Make sure 20% of the time allow yourself the foods you like. Choc or wine is fine & it's important to keep those foods in your diet otherwise you'll feel like you're missing out but we just want to focus on increasing the quality of our food the majority of the time. Eating high levels of protein also assists in keeping your blood sugar’s s balanced so make sure you get a good balance of all your macronutrients!

Not drinking enough water can also lead to you experiencing serious levels of fatigue. The body needs fluids! Just like our horses most of our body is made up of water so we must keep hydrated. If you're not drinking enough you'll find you feel tired & also experience brain fog & a lack of mental clarity; never a good thing!

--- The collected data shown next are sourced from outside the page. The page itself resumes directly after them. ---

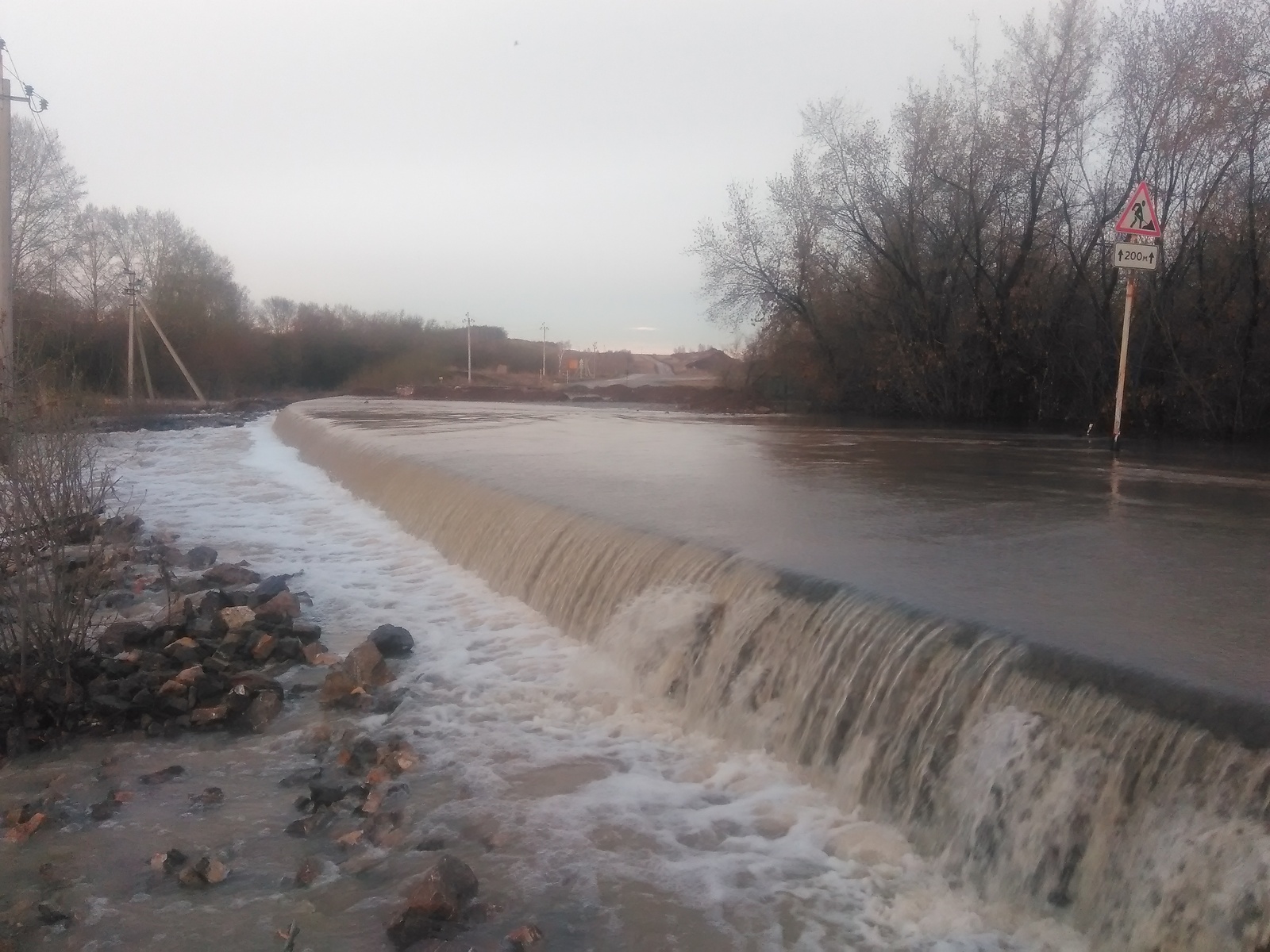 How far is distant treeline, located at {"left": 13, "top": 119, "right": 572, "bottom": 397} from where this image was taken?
3706cm

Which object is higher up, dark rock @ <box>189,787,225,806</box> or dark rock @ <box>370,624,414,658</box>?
dark rock @ <box>370,624,414,658</box>

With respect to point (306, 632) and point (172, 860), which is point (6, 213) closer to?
point (306, 632)

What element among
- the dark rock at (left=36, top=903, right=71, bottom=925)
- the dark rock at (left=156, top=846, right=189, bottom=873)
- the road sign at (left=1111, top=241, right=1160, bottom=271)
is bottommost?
the dark rock at (left=36, top=903, right=71, bottom=925)

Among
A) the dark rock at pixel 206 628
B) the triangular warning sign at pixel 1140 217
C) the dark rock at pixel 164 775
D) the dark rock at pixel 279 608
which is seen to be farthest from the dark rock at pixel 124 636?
the triangular warning sign at pixel 1140 217

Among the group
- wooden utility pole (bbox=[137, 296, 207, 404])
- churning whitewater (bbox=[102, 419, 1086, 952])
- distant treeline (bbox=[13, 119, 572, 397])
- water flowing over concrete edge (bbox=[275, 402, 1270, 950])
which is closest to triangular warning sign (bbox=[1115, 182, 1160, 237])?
water flowing over concrete edge (bbox=[275, 402, 1270, 950])

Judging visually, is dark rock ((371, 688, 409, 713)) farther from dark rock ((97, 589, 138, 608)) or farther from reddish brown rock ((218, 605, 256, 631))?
dark rock ((97, 589, 138, 608))

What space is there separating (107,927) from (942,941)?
338 centimetres

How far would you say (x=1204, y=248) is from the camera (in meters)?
19.4

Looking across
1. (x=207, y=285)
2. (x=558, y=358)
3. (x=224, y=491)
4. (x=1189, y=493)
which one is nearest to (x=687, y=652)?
(x=1189, y=493)

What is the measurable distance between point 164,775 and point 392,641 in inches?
92.1

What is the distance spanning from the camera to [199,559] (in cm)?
1041

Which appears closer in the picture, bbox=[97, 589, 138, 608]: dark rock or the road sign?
bbox=[97, 589, 138, 608]: dark rock

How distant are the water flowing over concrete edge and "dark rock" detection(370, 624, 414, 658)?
1.45 meters

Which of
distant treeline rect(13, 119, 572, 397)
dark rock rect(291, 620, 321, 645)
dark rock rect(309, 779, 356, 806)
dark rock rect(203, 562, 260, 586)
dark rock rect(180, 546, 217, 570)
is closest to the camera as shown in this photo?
dark rock rect(309, 779, 356, 806) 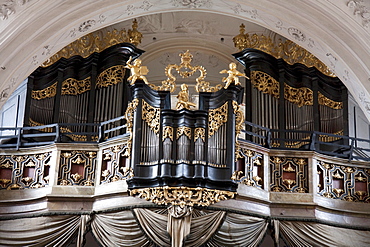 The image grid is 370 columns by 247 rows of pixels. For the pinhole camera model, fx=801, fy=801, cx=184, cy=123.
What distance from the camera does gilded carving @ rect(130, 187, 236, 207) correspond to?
1388cm

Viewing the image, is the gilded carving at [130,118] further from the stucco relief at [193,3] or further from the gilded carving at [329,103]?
the gilded carving at [329,103]

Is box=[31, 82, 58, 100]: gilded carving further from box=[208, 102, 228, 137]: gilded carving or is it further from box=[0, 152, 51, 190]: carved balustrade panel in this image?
box=[208, 102, 228, 137]: gilded carving

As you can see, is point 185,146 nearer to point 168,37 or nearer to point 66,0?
point 66,0

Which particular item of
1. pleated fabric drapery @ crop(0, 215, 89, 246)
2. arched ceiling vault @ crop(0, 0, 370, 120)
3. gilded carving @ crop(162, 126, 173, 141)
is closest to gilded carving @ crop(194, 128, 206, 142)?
gilded carving @ crop(162, 126, 173, 141)

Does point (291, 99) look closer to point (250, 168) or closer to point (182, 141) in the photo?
point (250, 168)

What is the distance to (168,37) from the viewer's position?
18.0 metres

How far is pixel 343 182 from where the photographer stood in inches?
607

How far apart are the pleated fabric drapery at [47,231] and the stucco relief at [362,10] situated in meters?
6.01

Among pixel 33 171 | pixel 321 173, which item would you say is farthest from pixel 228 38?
pixel 33 171

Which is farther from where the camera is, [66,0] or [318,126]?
[318,126]

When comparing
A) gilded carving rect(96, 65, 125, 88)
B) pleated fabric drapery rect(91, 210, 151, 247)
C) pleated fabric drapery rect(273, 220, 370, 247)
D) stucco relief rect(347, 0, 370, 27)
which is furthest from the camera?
gilded carving rect(96, 65, 125, 88)

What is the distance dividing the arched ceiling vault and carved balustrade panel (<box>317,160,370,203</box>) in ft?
8.08

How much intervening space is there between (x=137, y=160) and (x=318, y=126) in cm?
433

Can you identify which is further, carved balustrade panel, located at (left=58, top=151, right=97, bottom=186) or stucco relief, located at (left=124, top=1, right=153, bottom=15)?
carved balustrade panel, located at (left=58, top=151, right=97, bottom=186) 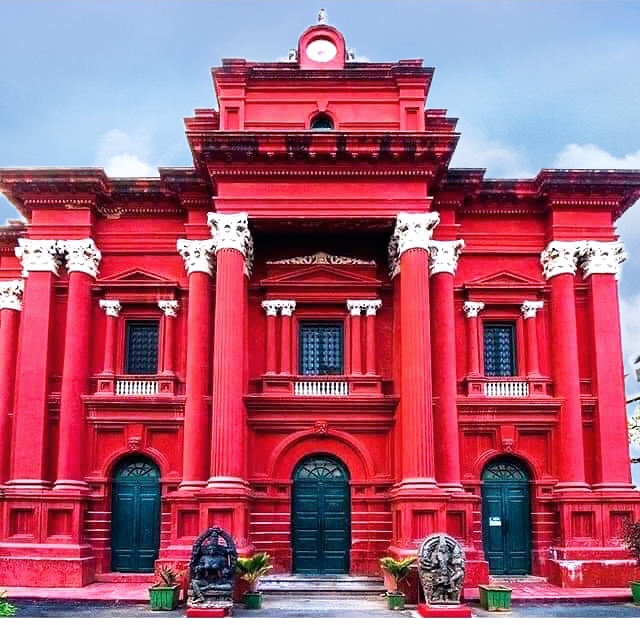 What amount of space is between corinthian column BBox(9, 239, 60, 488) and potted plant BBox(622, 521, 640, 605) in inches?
569

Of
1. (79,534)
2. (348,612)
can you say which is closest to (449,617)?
(348,612)

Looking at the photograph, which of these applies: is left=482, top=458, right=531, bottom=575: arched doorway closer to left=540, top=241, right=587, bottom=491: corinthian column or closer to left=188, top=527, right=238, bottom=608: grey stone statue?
left=540, top=241, right=587, bottom=491: corinthian column

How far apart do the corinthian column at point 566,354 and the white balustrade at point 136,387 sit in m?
10.9

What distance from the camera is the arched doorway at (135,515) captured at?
22.4m

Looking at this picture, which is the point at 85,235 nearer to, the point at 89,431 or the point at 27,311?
the point at 27,311

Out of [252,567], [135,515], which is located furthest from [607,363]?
[135,515]

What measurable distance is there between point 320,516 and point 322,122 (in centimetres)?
1078

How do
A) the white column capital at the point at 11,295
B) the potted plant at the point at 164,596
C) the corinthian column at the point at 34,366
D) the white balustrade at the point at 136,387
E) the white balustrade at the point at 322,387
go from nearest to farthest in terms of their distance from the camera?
the potted plant at the point at 164,596 < the corinthian column at the point at 34,366 < the white balustrade at the point at 136,387 < the white balustrade at the point at 322,387 < the white column capital at the point at 11,295

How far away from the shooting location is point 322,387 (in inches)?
918

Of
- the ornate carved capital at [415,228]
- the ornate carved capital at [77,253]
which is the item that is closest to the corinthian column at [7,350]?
the ornate carved capital at [77,253]

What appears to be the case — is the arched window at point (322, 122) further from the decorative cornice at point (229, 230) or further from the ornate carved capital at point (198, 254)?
the ornate carved capital at point (198, 254)

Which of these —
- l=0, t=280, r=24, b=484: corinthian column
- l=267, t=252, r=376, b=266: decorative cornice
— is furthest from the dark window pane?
l=0, t=280, r=24, b=484: corinthian column

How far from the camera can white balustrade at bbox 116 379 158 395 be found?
913 inches

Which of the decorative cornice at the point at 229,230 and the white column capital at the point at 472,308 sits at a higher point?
the decorative cornice at the point at 229,230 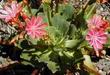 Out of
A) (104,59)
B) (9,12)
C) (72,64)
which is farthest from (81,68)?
(9,12)

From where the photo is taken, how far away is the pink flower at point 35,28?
194cm

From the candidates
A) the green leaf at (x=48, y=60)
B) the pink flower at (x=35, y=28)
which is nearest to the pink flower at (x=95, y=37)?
the pink flower at (x=35, y=28)

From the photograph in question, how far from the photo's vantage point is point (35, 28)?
6.44 feet

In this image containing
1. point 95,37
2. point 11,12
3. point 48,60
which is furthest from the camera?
point 48,60

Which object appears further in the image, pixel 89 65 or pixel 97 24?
pixel 89 65

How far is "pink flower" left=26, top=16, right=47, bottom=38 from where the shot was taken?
1.94 metres

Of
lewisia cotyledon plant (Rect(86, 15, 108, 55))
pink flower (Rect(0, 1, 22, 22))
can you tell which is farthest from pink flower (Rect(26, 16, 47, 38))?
lewisia cotyledon plant (Rect(86, 15, 108, 55))

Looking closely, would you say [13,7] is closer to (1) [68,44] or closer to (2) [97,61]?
(1) [68,44]

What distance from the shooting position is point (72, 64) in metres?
2.36

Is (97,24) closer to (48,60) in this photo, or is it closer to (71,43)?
(71,43)

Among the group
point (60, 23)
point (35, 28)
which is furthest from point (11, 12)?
point (60, 23)

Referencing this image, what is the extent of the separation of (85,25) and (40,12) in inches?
14.7

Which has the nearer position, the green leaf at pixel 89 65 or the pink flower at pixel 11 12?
the pink flower at pixel 11 12

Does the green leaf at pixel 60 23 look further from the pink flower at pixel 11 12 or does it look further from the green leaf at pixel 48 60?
the pink flower at pixel 11 12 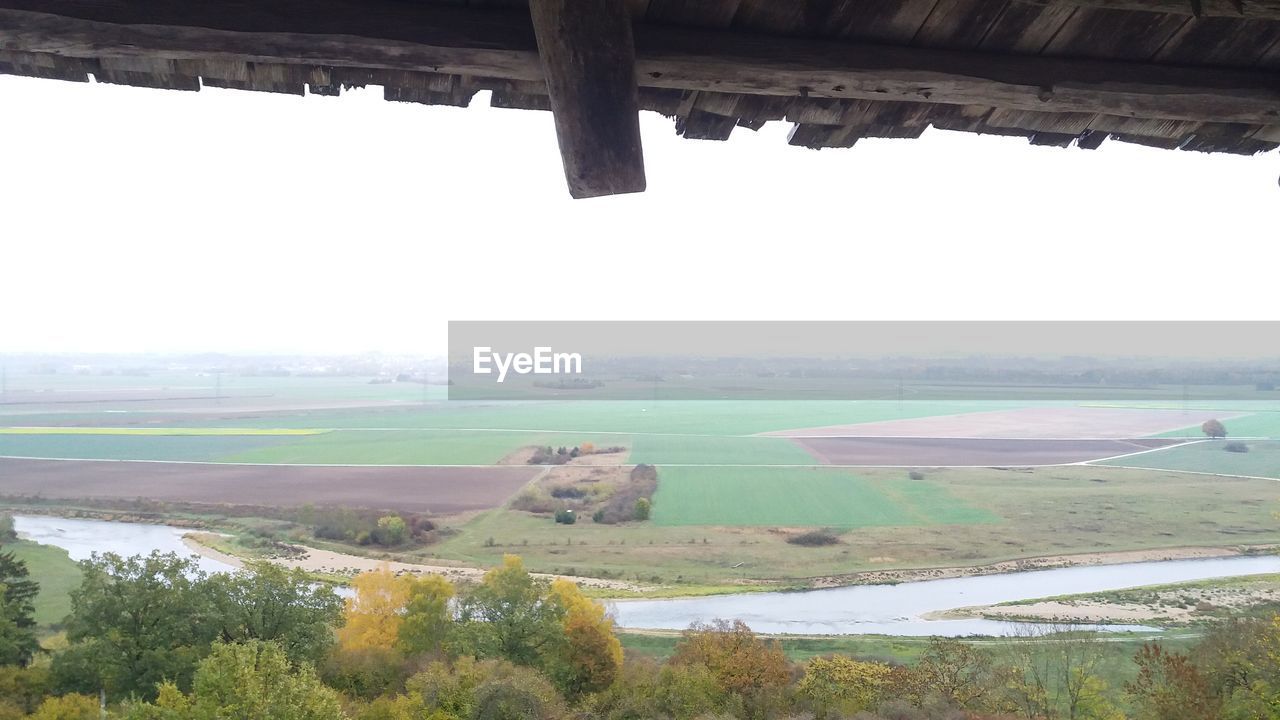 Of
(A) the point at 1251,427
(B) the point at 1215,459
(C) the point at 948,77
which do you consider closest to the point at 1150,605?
(B) the point at 1215,459

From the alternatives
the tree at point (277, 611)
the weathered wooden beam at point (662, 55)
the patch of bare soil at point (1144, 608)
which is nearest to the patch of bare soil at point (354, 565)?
the tree at point (277, 611)

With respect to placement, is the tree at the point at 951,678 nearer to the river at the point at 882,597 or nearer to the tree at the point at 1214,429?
the river at the point at 882,597

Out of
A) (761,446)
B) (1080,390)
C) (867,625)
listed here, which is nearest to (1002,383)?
(1080,390)

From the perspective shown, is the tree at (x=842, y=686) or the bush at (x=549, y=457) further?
the bush at (x=549, y=457)

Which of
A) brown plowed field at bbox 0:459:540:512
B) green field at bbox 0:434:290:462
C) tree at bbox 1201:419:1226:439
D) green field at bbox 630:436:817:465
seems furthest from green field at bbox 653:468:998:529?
green field at bbox 0:434:290:462

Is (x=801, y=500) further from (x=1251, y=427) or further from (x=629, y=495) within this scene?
(x=1251, y=427)

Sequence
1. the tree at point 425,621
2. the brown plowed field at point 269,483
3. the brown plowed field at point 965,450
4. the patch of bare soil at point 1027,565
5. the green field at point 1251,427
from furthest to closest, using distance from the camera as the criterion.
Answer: the green field at point 1251,427 → the brown plowed field at point 965,450 → the brown plowed field at point 269,483 → the patch of bare soil at point 1027,565 → the tree at point 425,621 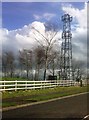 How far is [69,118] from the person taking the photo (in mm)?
15039

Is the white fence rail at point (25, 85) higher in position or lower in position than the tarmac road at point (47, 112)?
higher

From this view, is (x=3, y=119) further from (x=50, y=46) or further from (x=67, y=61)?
(x=67, y=61)

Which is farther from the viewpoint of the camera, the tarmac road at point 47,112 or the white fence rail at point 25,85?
the white fence rail at point 25,85

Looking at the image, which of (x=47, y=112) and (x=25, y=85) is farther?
(x=25, y=85)

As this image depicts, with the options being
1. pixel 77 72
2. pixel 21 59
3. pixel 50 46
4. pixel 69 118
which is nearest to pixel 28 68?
pixel 21 59

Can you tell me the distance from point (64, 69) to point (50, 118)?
191ft

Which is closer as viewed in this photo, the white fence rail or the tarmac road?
the tarmac road

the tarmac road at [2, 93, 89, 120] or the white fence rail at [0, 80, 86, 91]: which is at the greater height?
the white fence rail at [0, 80, 86, 91]

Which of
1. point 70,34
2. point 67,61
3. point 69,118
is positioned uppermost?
point 70,34

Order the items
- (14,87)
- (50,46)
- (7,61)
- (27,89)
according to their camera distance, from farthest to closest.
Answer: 1. (7,61)
2. (50,46)
3. (27,89)
4. (14,87)

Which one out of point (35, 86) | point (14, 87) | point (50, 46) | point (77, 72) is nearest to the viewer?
point (14, 87)

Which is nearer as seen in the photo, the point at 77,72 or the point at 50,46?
the point at 50,46

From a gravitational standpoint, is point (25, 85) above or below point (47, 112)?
above

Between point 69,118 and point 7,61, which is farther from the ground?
point 7,61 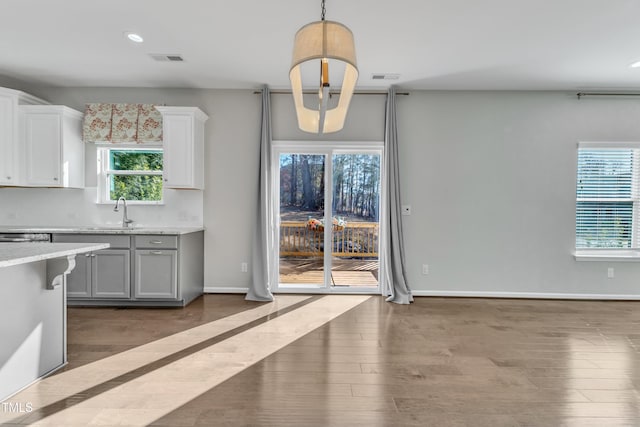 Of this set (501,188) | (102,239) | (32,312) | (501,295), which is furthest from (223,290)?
(501,188)

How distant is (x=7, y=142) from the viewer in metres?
3.58

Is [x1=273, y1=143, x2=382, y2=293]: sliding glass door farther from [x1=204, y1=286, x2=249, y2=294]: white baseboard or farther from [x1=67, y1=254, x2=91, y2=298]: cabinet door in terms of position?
[x1=67, y1=254, x2=91, y2=298]: cabinet door

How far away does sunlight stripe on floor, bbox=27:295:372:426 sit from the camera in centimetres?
175

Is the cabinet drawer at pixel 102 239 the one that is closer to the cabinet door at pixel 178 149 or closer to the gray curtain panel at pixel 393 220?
the cabinet door at pixel 178 149

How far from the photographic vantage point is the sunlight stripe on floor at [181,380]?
1746 mm

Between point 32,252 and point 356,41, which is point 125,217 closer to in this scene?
point 32,252

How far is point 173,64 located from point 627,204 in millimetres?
6002

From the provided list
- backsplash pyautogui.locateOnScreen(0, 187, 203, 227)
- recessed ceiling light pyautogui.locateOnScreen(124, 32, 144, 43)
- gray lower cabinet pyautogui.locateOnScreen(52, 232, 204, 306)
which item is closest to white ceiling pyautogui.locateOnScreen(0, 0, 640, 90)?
recessed ceiling light pyautogui.locateOnScreen(124, 32, 144, 43)

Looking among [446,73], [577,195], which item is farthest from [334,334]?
[577,195]

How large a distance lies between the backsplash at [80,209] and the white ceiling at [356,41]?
56.8 inches

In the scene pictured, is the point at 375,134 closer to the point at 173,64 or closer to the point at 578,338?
the point at 173,64

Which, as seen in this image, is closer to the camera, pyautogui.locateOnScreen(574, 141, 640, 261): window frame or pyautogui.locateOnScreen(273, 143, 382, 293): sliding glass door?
pyautogui.locateOnScreen(574, 141, 640, 261): window frame

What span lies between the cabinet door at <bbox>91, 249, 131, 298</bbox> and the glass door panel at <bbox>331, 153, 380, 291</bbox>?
2520 millimetres

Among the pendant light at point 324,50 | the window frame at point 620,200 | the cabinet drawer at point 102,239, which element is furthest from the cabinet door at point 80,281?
the window frame at point 620,200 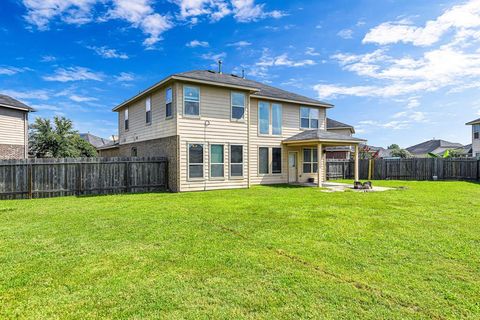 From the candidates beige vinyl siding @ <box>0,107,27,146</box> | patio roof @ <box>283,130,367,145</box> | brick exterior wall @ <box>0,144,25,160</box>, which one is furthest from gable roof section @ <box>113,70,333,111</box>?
brick exterior wall @ <box>0,144,25,160</box>

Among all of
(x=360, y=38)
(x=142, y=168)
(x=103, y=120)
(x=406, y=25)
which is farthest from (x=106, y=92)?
(x=406, y=25)

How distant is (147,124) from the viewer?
49.4 feet

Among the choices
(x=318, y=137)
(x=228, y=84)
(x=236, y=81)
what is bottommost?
(x=318, y=137)

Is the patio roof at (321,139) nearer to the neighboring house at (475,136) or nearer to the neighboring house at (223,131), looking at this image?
the neighboring house at (223,131)

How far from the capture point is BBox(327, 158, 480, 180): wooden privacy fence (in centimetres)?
1916

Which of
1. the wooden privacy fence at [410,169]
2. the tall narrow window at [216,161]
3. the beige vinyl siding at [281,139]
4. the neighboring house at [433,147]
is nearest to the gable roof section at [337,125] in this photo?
the wooden privacy fence at [410,169]

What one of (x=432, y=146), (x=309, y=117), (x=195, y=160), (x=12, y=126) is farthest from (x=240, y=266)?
(x=432, y=146)

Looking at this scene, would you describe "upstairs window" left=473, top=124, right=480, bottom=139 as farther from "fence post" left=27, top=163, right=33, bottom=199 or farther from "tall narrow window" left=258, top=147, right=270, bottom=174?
"fence post" left=27, top=163, right=33, bottom=199

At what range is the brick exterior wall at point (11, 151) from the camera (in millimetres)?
17344

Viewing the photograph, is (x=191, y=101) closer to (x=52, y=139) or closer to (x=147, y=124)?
(x=147, y=124)

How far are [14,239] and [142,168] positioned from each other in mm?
7706

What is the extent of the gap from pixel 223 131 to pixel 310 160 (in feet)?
22.8

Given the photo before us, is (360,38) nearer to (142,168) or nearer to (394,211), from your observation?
(394,211)

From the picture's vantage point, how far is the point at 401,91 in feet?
63.6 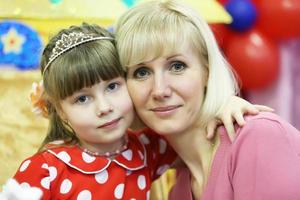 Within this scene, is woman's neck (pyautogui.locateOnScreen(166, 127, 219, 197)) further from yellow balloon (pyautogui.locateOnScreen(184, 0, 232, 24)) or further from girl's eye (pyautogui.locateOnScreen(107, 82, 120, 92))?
yellow balloon (pyautogui.locateOnScreen(184, 0, 232, 24))

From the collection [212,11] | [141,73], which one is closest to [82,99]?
[141,73]

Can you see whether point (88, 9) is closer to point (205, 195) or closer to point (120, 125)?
point (120, 125)

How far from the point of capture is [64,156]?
1.25m

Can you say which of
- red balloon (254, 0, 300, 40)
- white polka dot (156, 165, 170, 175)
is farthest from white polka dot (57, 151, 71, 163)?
red balloon (254, 0, 300, 40)

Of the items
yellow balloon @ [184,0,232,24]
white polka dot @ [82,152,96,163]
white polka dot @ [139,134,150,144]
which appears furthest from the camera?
yellow balloon @ [184,0,232,24]

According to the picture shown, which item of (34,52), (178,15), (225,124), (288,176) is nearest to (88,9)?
(34,52)

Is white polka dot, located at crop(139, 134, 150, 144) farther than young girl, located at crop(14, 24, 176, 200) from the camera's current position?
Yes

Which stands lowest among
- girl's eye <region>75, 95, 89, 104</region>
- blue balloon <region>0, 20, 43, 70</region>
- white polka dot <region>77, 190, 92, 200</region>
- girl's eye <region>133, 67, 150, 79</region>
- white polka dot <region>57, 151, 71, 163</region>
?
white polka dot <region>77, 190, 92, 200</region>

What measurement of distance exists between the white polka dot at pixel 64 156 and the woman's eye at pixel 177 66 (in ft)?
1.12

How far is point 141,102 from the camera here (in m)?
1.26

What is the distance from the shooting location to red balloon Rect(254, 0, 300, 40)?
2.04 metres

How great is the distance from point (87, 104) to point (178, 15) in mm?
328

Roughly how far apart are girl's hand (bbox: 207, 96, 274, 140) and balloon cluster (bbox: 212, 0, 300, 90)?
32.2 inches

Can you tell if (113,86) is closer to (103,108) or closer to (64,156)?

Focusing on these 3 nuggets & making a conscious effort to improve your behaviours & habits in each area will have a huge positive impact on your energy levels. It's easy to try to change too much all at once, and even though that comes from a good place, I see this mistake made all too often.

Changing too many things at once, is often overwhelming, and it's going to feel like a really big chore. So focus on one small change at a time. Implement that first, be consistent with it for a week/two weeks and from there build into another small change, and in time, this will create really good habits, and it will have a huge impact on your energy levels!

It's easy to look at people who get a lot done in their days, are super successful with their riding or work out hard and think, "Wow, must be easy for them. They've got great energy levels I'd love to feel like them."

But it's important to remember that we create our own energy through conscious behaviours. So if you're experiencing low energy right now, I really urge you to have a look into these 3 areas and think about any changes that you could make.

Believe me, a small change goes a long way!